金曜日, 1月 09, 2015

メルセデス・ベンツが発表した「クレイジー」な自律走行車コンセプト

メルセデス・ベンツが発表した「クレイジー」な自律走行車コンセプト

メルセデス・ベンツがCES 2015で発表したコンセプトモデル「メルセデス F 015」は、自律走行車だった。いかにも"未来っぽい"デザインには賛否両論あるかもしれないが、クルマの新しいかたちを追求しようとする自由さに満ちている。
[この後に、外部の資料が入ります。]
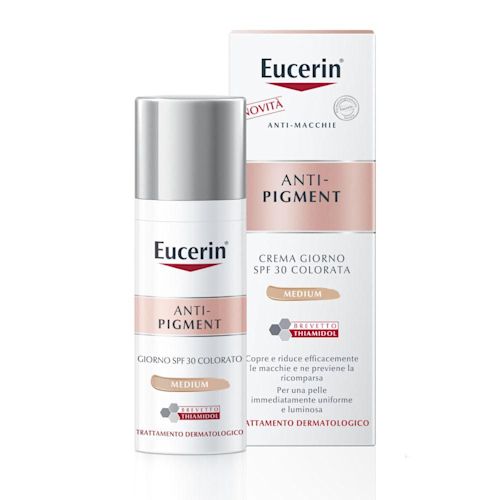 983665466 - Eucerin Anti-pigment Crema Giorno colorata Medium Spf30 50ml - 4709389_2.jpg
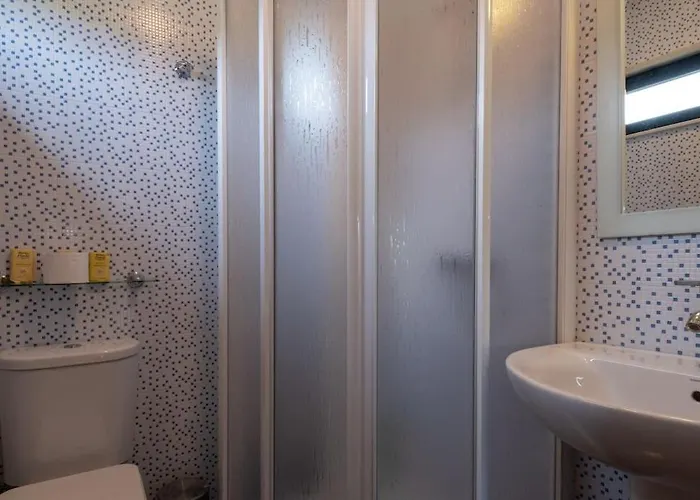 Ancora Caldebarcos Apartment Carnota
The Mercedes-Benz F 015 Luxury in Motion
自律走行車のコンセプトモデル「メルセデス F 015」。
現在ラスヴェガスで開催されているCES 2015にメルセデス・ベンツが持ち込んだコンセプト、「F 015 ラグジュアリー・イン・モーション」。その大胆でかつクレイジーな未来像において、人間はクルマの”オプション装備”になってしまう。このクルマが示すのは、はるか未来の自律走行の姿だ。
車体は棒石けんのような外観で、内部はわずかにヨーロッパスタイルが感じられる流線型の会議室のようなデザインだ。
はっきりさせておきたいことが2つある。まずは、このコンセプトカーがすぐに生産される可能性は極めて低い、ということだ。
現在の自律走行テクノロジーを見ても、実用化されるまでに20年はかかると思われる。技術的なものから安全性や規制まで、解決しなければならない問題は山ほどある。
2点目として、驚いたことに、メルセデスにしては今回の車は美しくない、のである。
The Mercedes-Benz F 015 Luxury in Motion
確かに未来を思わせるデザインではあるが。
The Mercedes-Benz F 015 Luxury in Motion
お分かりになるだろうか、「STOP」の文字が。QRコードが。
メルセデス・ベンツのつくりだすクルマは概して素晴らしいデザインで知られている。かつての名車「300SL ガルウィング」や「SL500」を送り出したメーカーが、この”棒石けん”を生み出したとは信じがたい。
とはいえ、それでもこのクルマは素晴らしい。メルセデス・ベンツが時代の先を読み、クルマのデザインが根本的に変わるであろう未来を見据えていることを証明するものだからだ。
コンピューターの方が人間より運転に長けていることが分かり、自動車に対する法規制もそれを反映したものになれば、長きにわたって標準装備となっている「前向きの座席」や「ミラー」、「ペダル」といったものはもはや必要なくなる。
つまり大転換が起きるわけで、自動車メーカーは革命的なアイデアを追求する自由を手にすることになる。グーグルは先進的(でもちょっと間抜けな)自律走行車の試作型でこの流れを体現し、Rinspeedは先月、BudiiロボティックEVコンセプトで探求の成果を披露した。
メルセデス・ベンツもこの流れを理解し、走り出している。前部シートが回転し、後ろ向きにできるF 015のインテリアは、コミュニティ空間をつくり出す。これは最新のデザインでありながら、はるか昔に見られたスタイルでもある。ダイムラーを率いるディーター・ツェッチェ博士が指摘したように、馬車の時代を思い起こさせる。
The Mercedes-Benz F 015 Luxury in Motion
ウッド調のインテリアは非常にシックで、とてもクルマのそれとは思えない。
The Mercedes-Benz F 015 Luxury in Motion
道路にプロジェクションするというイカした機能も備えている。
F 015はジェスチャーや目線の動き、タッチスクリーンで操作することができ、あらゆる箇所にLEDが使用されている。前方に歩行者を検知したときは、路面に横断歩道を投影することも可能だ。
「このクルマは、単なる移動手段という役割を超え、最終的には移動型の居住空間となるでしょう」とツェッチェ氏は語る。
F 015のようなクルマが実現するまでには多くの年月を要するであろう。しかしこのメーカーは、その日への歩みを着実に進めている。2020年までにトラック用のハイウェイパイロットシステムを開発し、セダンタイプに一定の自律走行技術を適用する予定だ。
これらのプロジェクトは、自律走行テクノロジーを前に推し進めてくれるはずだ。いずれの日にか、自分が回転シートに腰掛けて、ハードウッドフロアを備えた流線型のセダンで走り回っている姿を、空想しておこう。
The Mercedes-Benz F 015 Luxury in Motion
ハンドルを握る必要はないので、後部座席を振り返っても大丈夫。